## WORK TASK
Write out every line below that includes the word "Volkswagen".

--- TASK MATERIAL Enclosed Below ---

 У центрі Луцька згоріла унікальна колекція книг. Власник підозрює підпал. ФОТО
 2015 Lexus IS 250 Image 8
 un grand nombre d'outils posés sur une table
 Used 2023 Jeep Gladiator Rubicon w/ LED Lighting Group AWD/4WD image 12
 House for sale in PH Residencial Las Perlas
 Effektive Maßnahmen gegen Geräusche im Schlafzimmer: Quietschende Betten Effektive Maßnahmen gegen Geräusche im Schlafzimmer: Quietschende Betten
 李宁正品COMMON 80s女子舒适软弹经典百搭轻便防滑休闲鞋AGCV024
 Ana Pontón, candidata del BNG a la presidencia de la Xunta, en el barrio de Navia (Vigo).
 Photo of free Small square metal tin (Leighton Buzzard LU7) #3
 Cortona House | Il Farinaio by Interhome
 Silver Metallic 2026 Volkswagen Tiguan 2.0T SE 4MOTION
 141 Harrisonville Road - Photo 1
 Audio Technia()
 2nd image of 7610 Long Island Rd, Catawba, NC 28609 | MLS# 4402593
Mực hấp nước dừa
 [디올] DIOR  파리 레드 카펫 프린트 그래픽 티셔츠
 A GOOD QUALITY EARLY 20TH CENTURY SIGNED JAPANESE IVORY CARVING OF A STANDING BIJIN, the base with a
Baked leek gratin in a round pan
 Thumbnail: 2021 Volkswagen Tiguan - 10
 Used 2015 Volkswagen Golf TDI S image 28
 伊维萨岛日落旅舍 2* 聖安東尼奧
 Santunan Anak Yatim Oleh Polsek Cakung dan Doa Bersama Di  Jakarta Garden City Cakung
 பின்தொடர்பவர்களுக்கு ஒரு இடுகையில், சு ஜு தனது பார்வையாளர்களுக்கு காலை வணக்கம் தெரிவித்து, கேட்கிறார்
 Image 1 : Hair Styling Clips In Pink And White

--- End of Enclosed TASK MATERIAL ---

## OUTPUT
 Silver Metallic 2026 Volkswagen Tiguan 2.0T SE 4MOTION
 Thumbnail: 2021 Volkswagen Tiguan - 10
 Used 2015 Volkswagen Golf TDI S image 28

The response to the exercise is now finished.